L’impression que j’ai, c’est qu’on a raté peut-être une nouvelle approche, qui serait de se dire : qu’est-ce que chacun de ces deux écosystèmes peut faire pour l’autre, et qu’est-ce qu’ils ont en commun ?
Moi, je me dis souvent que les choses ont commencé à mal tourner quand on est devenus vraiment plus forts que la nature, et quand finalement notre brutalité de primate a eu des impacts planétaires. Avant, ce n’était pas grave : on jetait des trucs, et puis la nature en faisait son affaire.
Le numérique, lui, est quand même capable de faire des boucles de rétrocontrôle, de feedback, d’harmoniser de grandes quantités d’acteurs autour d’un standard commun. Et le numérique peut être un véritable outil d’harmonisation de l’action collective. On le voit parfois.
J’ai rencontré un jour une ministre du numérique d’un pays africain qui me disait : « Je veux faire un cadastre. Parce que quand j’ai un cadastre, les paysans n’ont plus seulement de la terre, mais ils ont un titre légal. Ils peuvent aller à la banque, hypothéquer, emprunter, investir… et ça fait naître une classe moyenne. »
Vous voyez : l’idée d’un simple petit outil numérique, qui permet de se synchroniser, ça fait naître une classe moyenne.

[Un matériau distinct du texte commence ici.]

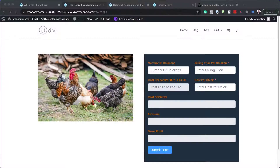In today's video, I'm going to show you how to do calculations using Fluent Forms. So let's take a look at our first example. This one is for someone who wants to go into the chicken business and find out how profitable it is.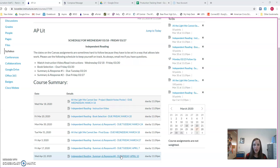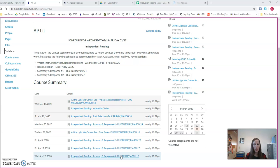If you have not heard, AP is still planning to administer an exam, but it's going to be a condensed one. It's going to be 45 minutes, one essay, and it will be something that you can do at home. It will be online at home.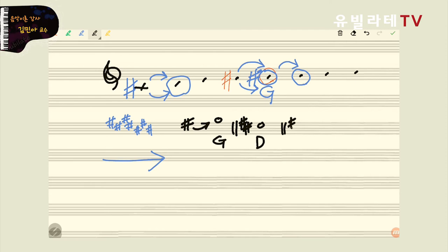샵이 세 개 붙으면 파, 도, 솔 붙죠? 그러면 솔이 이끈음 기능을 하기 때문에 하나 바로 높은 라가, A가 왕이 되는 거예요. 이렇게 샵 붙는 순서들은 국무총리가 다음 왕이 되면서 하나씩 완전 5도씩 올라가면서 샵이 붙게 돼요. 샵이 네 개 붙었다 그러면 파, 도, 솔, 레까지 샵이 붙었으니까 레보다 바로 위에 있는 미가 왕이 되는 거예요. 그래서 E메이저, 이렇게 여러분이 정리를 해주시면 되겠어요.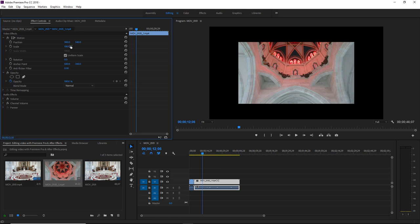What we can do instead is resize the clip using an effect in After Effects called Detail Preserving Upscale. To do this, we're going to need to get this clip into After Effects from Premiere Pro, and we can easily do this using what's known as a dynamic link.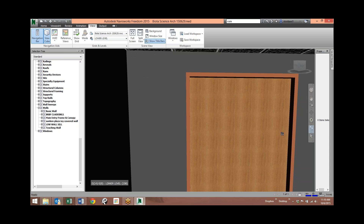This is good for perspective and visualizing the project. If there are some oblong or skewed walls, you can get in there and see what a detail maybe wouldn't show you. Those are the main ways of getting around the model.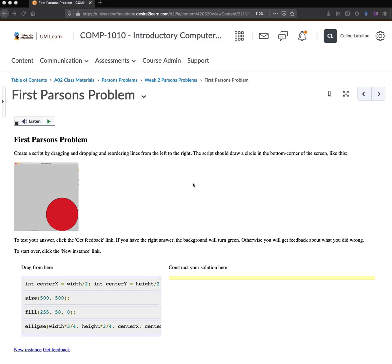Hi, this is a demo of Parsons problems that have been put onto UMLearn for you to practice coding in Comp 1010.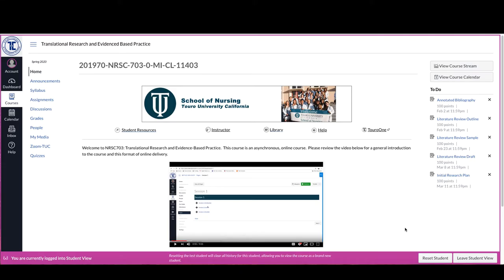Hello there and welcome to NRSC 703, Translational Research and Evidence-Based Practice. What you see in front of you here now, you can see as the purple bar across the bottom indicates that I'm currently logged in as the student view.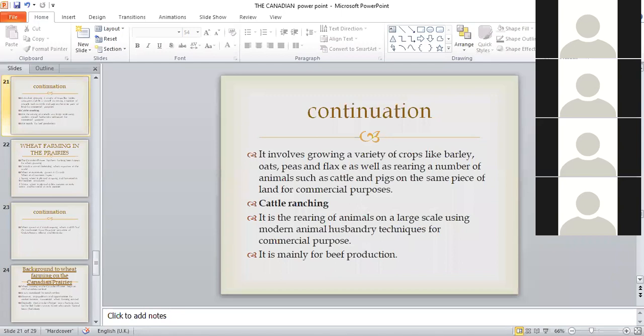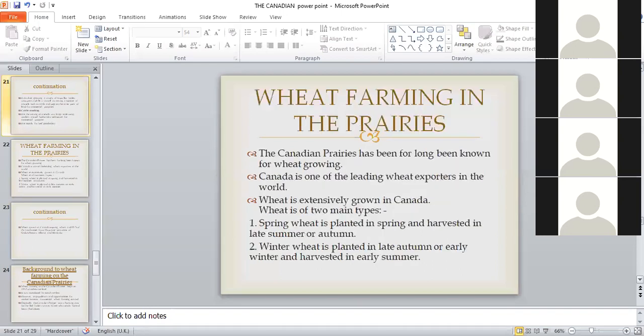Those are some of the types of farming in the Canadian Prairies. We shall look at some in detail. For example, we talked about extensive cereal farming, and under that we want to look at wheat farming in the Canadian Prairies.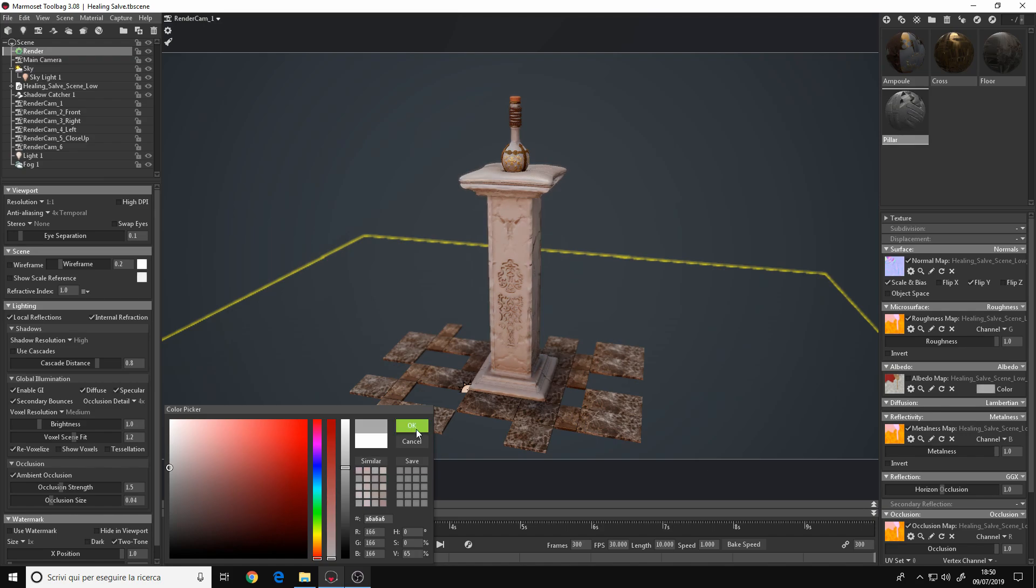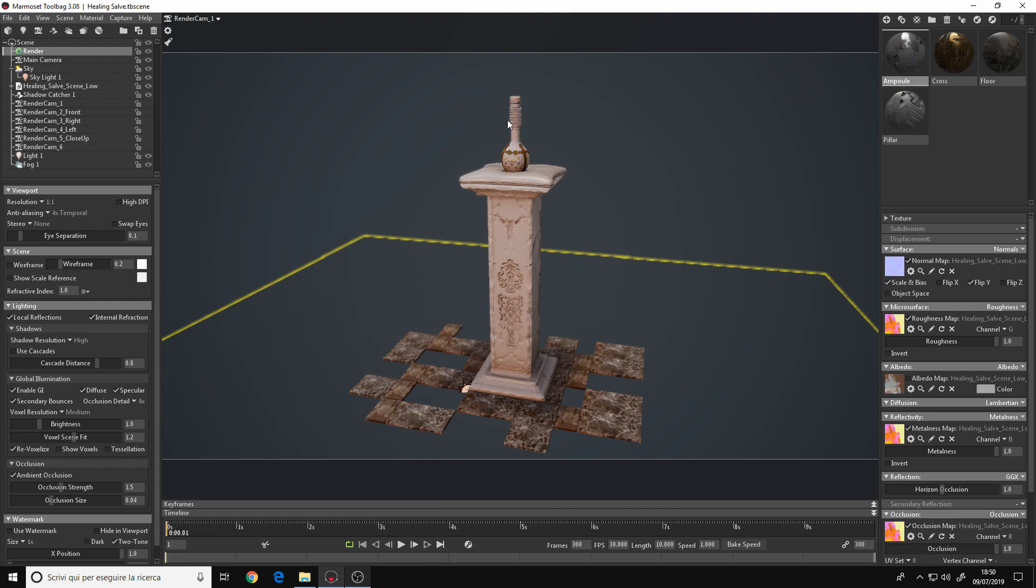And go to another material, uncheck the albedo like before, and paste the color code, so it's the same grey value as the material that we changed before. And do the same for the other materials in your scene. I have other two, so this one, and the last one.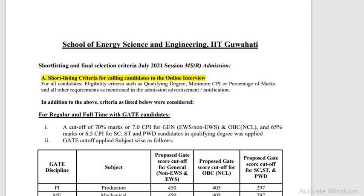Hi everyone, I hope you are doing very well. In this video I am going to cover all about MS in IIT Guwahati — the eligibility criteria, the safest scores to get a call, and everything. If you really want to pursue MS in IIT Guwahati, it's a dream and so many of them want to get a chance to pursue it.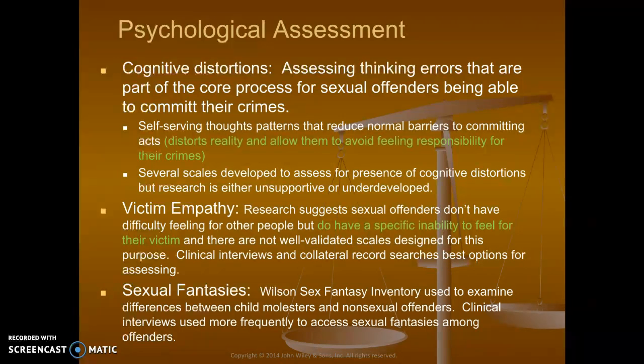Several scales have been developed to assess for the presence of cognitive distortions, but research is either unsupportive or underdeveloped when applying it towards forensic psychology — we don't always have the validity or reliability in testing for distortions. It's often based on self-report. It's very difficult to examine thinking outside of self-report, so we do a lot of interviewing and try to pinpoint distortions, but to validate them is tough.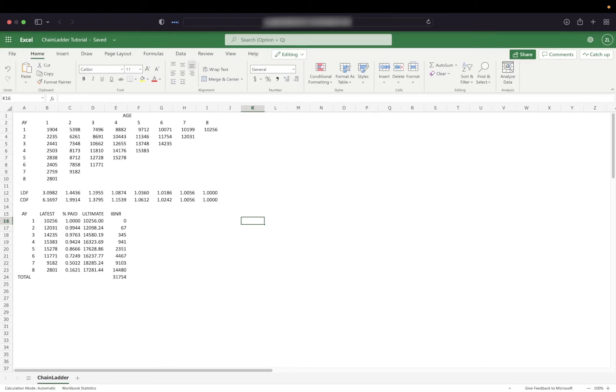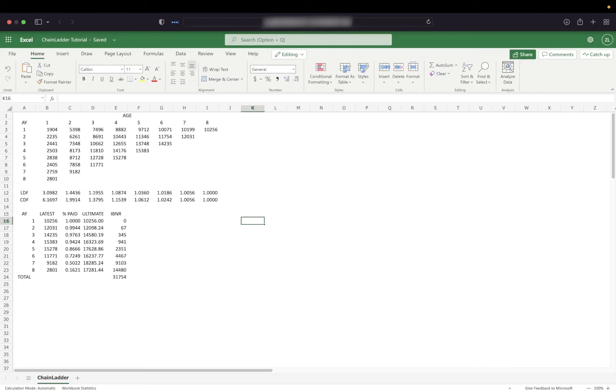First, let's take a look at a simple worksheet. We have a triangle of paid claims, we calculate our development factors, then we create a table and calculate the IBNR estimate.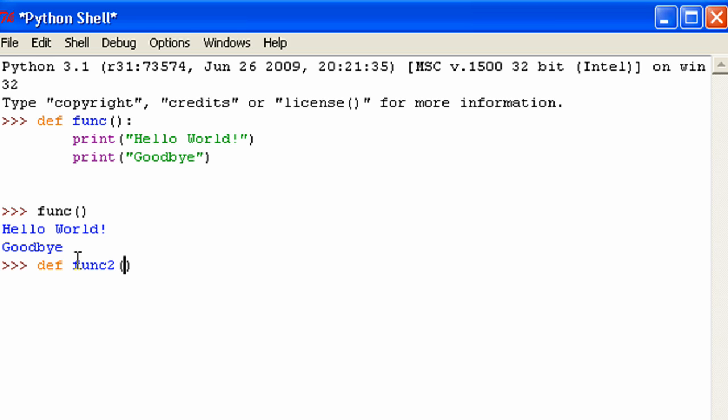I'm going to put what are called parameters inside of the parentheses. Basically what parameters are is they're kind of like variables that you define each time you use a function. And then you can use those parameters inside of your function as variables. So that you can have different values each time for the function.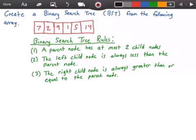Hey guys, and welcome to this video on binary search trees, or BST for short. Here we want to create a binary search tree from the following array. I have that array in red, and it is an unsorted integer array that contains the values 7, 2, 9, 1, 5, and 14.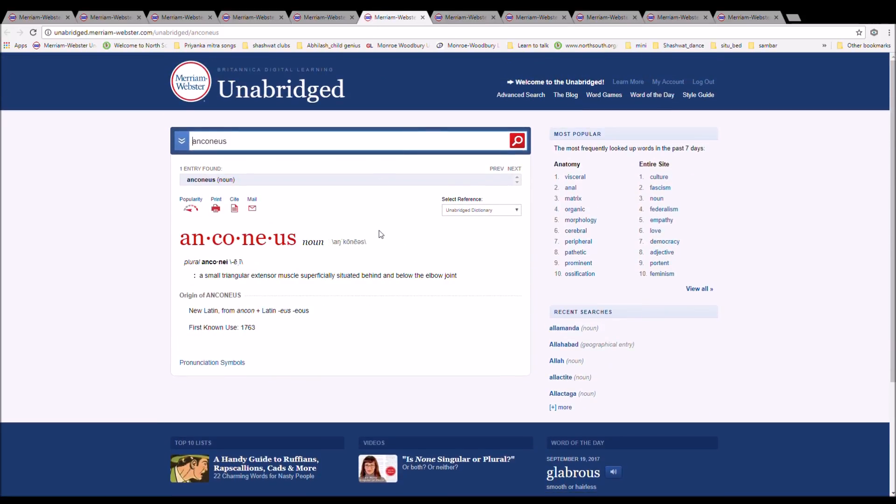The next word is Anconeus. It is spelled A-N-C-O-N-E-U-S. It is a small triangular extensor muscle superficially situated behind and below the elbow joint. It is New Latin from Ancon, plus Latin E-U-S.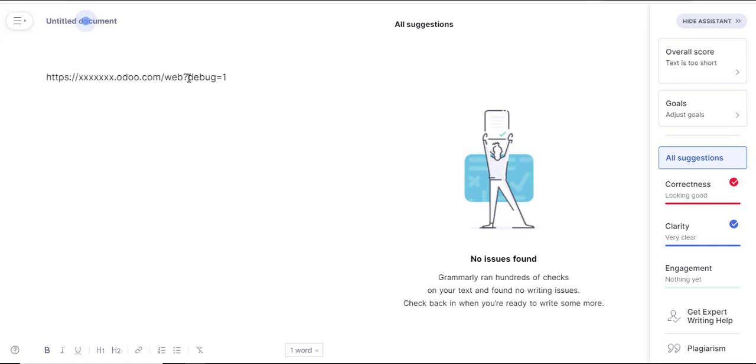You can also decide to say rather than on you can say true. Both of them will still work the same. You press enter and the debug option turns on.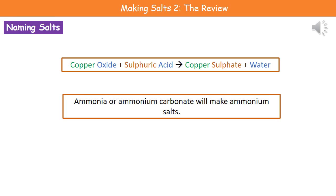If we have a reaction with ammonia or ammonium carbonate, then we make ammonium salts. Just remember that phrase 'ammonium' — it would still be ammonium sulfate, ammonium chloride. Just remember that ammonia or ammonium carbonate makes ammonium something.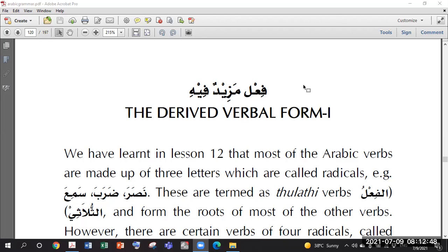Alhamdulillahi Rabbil Alameen. Rabbi yassir wa la tu'assir wa tammin bil khair. Allahumma la sahla illa ma ja'altahu sahla, wa anta taj'alul hazna iza shi'ta sahla. Allahumma anfa'na bima 'alamtana wa 'allimna ma yanfa'una wa zidna ilma. Ameen ya Rabbil Alameen.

Donc le numérique sait faire des choses comme ça : recréer des possibilités de synchronisation et d’harmonisation. L’environnement, lui, analyse ces grands équilibres et a besoin d’apprendre à les restaurer.
Je me dis souvent que ce qui nous manque, c’est une enceinte où des environnementalistes et des numériciens partageraient un projet collectif, et essaieraient d’inventer ensemble des chemins nouveaux et inexplorés. Pas seulement mieux recycler les ordures ou protéger les espèces menacées, mais inventer quelque chose qui relève de la philosophie politique. Parce qu’il nous manque quelque chose de cet ordre-là.
Si on n’arrive pas à faire la grande bascule de cette transition écologique, c’est aussi parce que chacun a un peu l’impression que son action individuelle, personnelle, ne sert à rien.
Si je suis le seul à trier mes déchets, ça ne sert à rien.
On a du mal à créer ces vibrations qui mettent des choses en résonance et qui font qu’on sent qu’on contribue à quelque chose qui a de l’impact.